Kur'an-ı Kerim ve Türkçe Meali Sayfa 24
154. Allah yolunda öldürülenlere “onlar öldü gitti” demeyiniz. Hayır, onlar yaşıyor, ama siz farkında değilsiniz.
155. Muhakkak ki, ölüm tehlikesiyle, korku ve açlıkla, mal, can ve yiyecek içecek gibi ürünlerin azaltılmasıyla sizi sınayacağız. Ama zorluklara karşı sabredip sebat ve dayanıklılık gösterenlere iyliklerin geleceğini müjdele.
156. Ki onların başına bir sıkıntı ve hoşa gitmeyen bir şey geldiğinde: “Bizi var eden Allah'tır veya varlığımız Allah içindir, sonunda O'na dönecek ve hesaba çekileceğiz” derler.
157. İşte Rablerinden bağışlama ve rahmet onlaradır.
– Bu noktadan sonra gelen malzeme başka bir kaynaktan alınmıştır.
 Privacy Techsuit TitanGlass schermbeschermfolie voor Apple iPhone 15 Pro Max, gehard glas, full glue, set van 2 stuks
Ve doğru yolu bulanlar da onlardır.
158. O halde unutmayın, Allah'ın insanlığa sunduğu sembollerden biri de Safâ ile Merve'dir. Bu sebeple hac veya umre maksadıyla Kâbe'ye gelenlerin, bu ikisi arasında gidip gelmelerinde bir mahzur yoktur. Zira kişi gönlünden koparak iyiliği artırırsa bilsin ki Allah, şükre bol karşılık verendir ve herşeyi bilendir.
159. Bakın katımızdan indirdiğimiz hakikatın ve rehberliğin delilini, ilâhî kelam aracılığıyla insanların önüne koyduktan sonra, onu gizleyip örtbas edenlere gelince: İşte onlardır Allah'ın lanet edip rahmetten uzak tutacağı ve herkesin de Allah'ın rahmetinden uzak kalmasını isteyeceği kimseler.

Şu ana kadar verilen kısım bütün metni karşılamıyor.